Another case to extend the ‘little grey cells’ of the Belgian detective Hercule Poirot (John Moffatt) – this time involving a golf club, some suspicious Frenchies and a pretender to Poirot’s intellectual throne, Inspector Giraud (Vincent Brimble). Inevitably everything turns out find; the murderer is uncovered; Giraud’s theories are rendered suspect and unworkable; and Poirot chides his faithful companion Hastings (Jeremy Clyde) for being too much of a romantic, and letting his heart rule his head.

 

To use a phrase coined by the critic Kenneth Tynan, Murder on the Links is the perfect play for life’s Aunt Ednas. Enyd Williams’ production offered mild diversions, but nothing that could either disturb or challenge any listener’s complacencies. In fact it actively sought to reaffirm them: the French people were either over-emotional or untrustworthy, the English were duffers (but well-meaning, at least), while Poirot stood on the outside, benevolently commenting on both nations while patiently solving the case. His methods were empirical and (in this play) unquestionably the best; human behaviour could be explained by rational means, with no need for psychological speculation.

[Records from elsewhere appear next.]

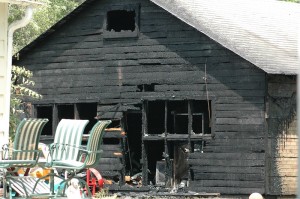This garage at 607 8th Ave West was destroyed by fire on Tuesday. No official cause of the fire is yet listed, but a possible electrical short may be to blame.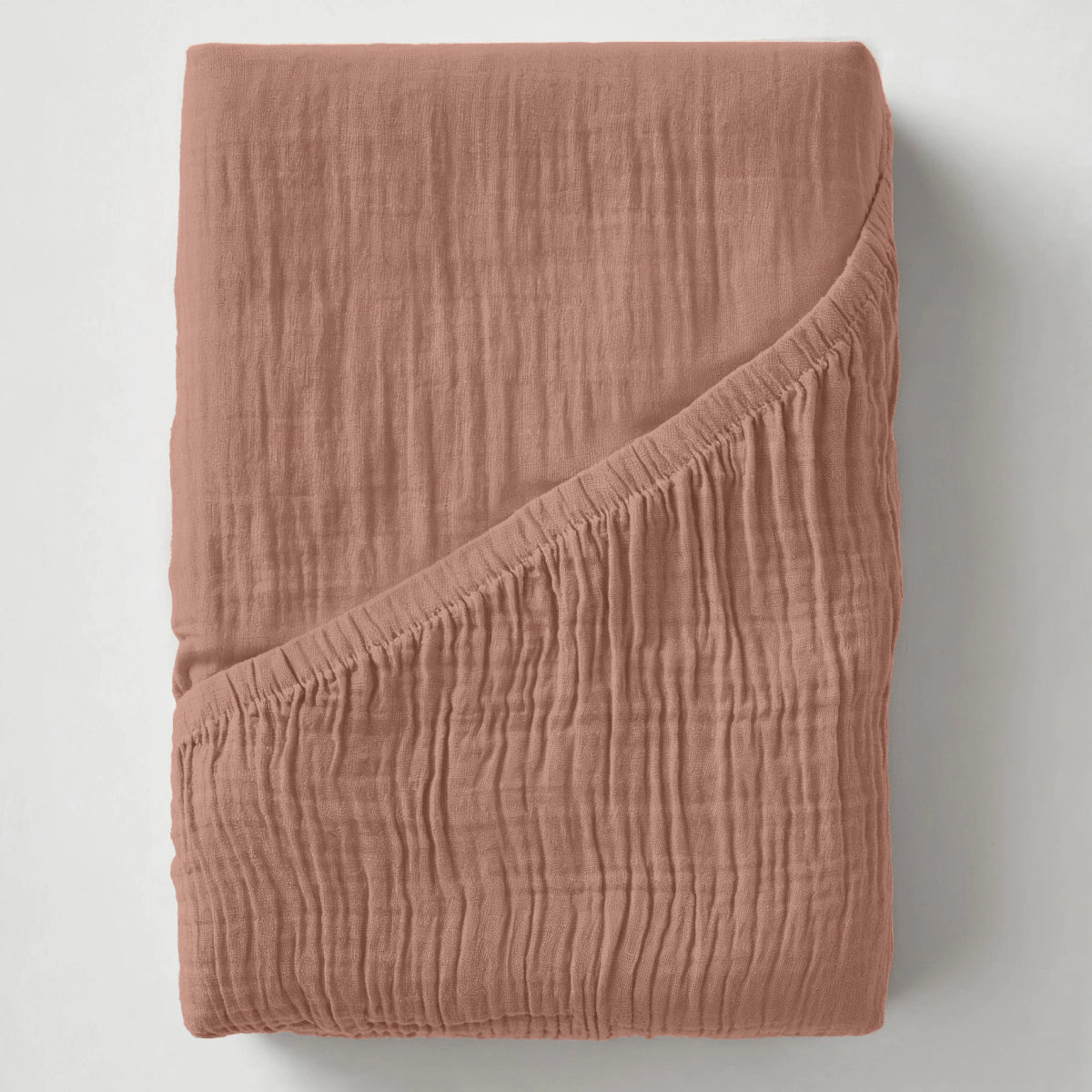 Het Mousseline Hoeslaken - Dusty-Rose, een rozekleurig hoeslaken van mousseline katoen ademend beddengoed, wordt getoond op een wit oppervlak met een hoek naar achteren gevouwen om de dikte en stofdetails te laten zien.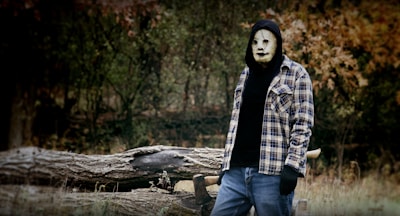 A person wearing a creepy mask stands in an outdoor setting with an axe lodged in a tree trunk in the background. They are dressed in a black hoodie with a checkered shirt over it and blue jeans. The surroundings include some fallen logs and dense trees with autumn-colored foliage.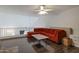 Open loft area featuring hardwood floors, a ceiling fan and railing that overlooks the lower level at 8534 W Salter Dr, Peoria, AZ 85382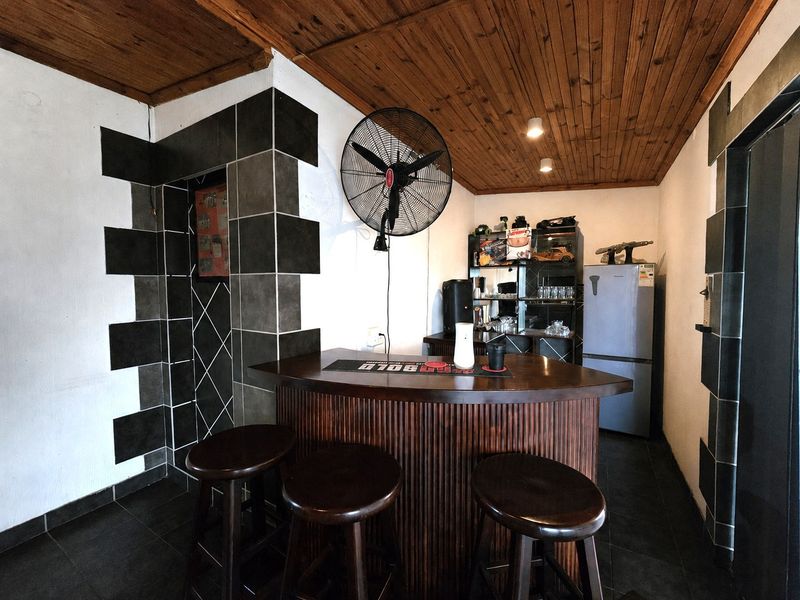 A dedicated bar area featuring a built-in counter, timber ceiling, and decorative tiled wall accents, providing a functional space for entertainment.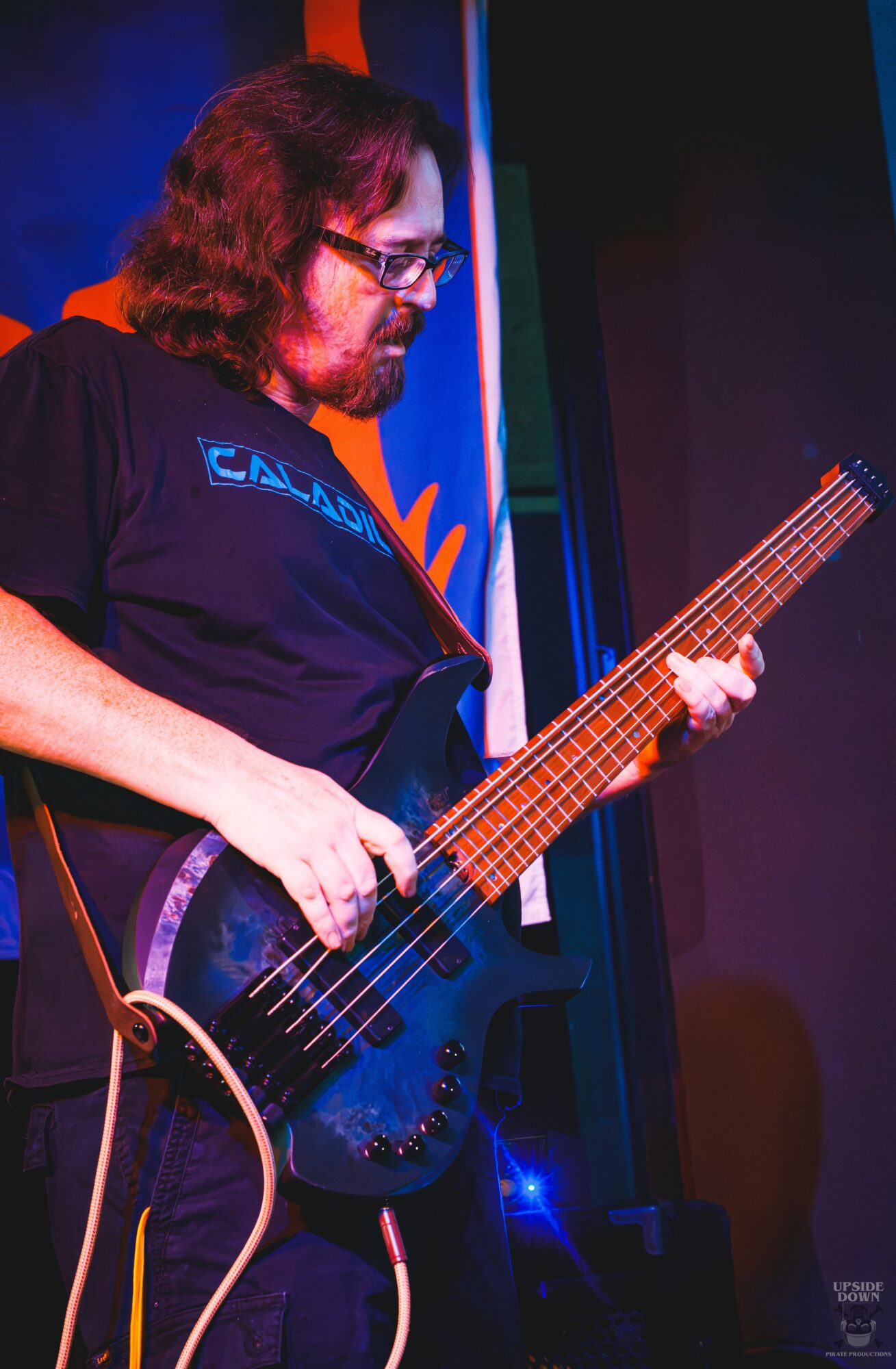 Person with long hair and glasses playing a black electric bass guitar on stage, with colorful background lighting.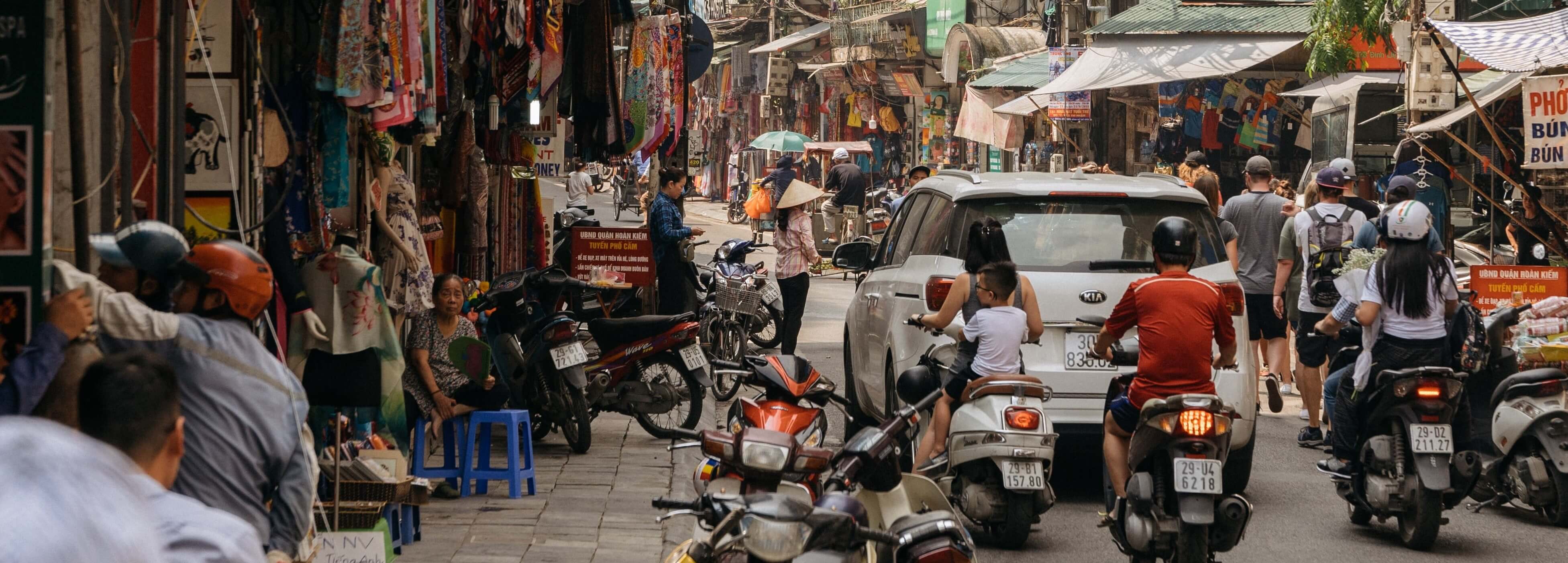 people sitting on sidewalk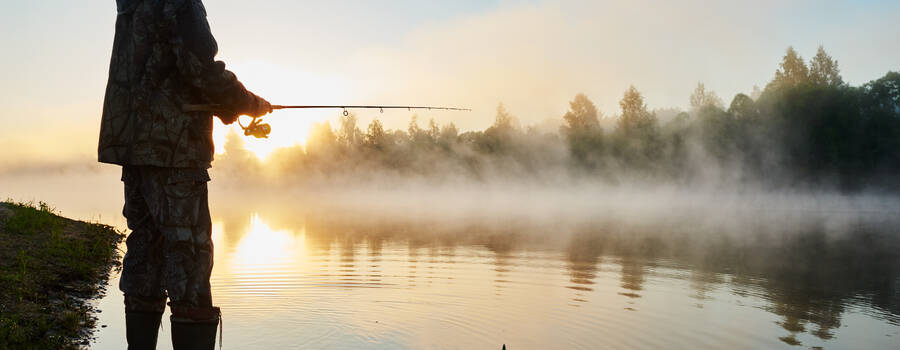 fisher fishing on foggy sunrise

Freudian theories have no place in Agatha Christie’s world.

 

Despite the gruesome subject-matter, Agatha Christie’s novels actually take place in a never-never land, a fantasy world where good always triumphs and bad vanquished, however sophisticated it might appear. They are still incredibly popular both in book (or ebook) form, as well as on television and radio (I see that ITV1 are now rerunning twenty year-old episodes of Poirot on Sunday afternoons). However they do depend for their success on a willing suspension of disbelief.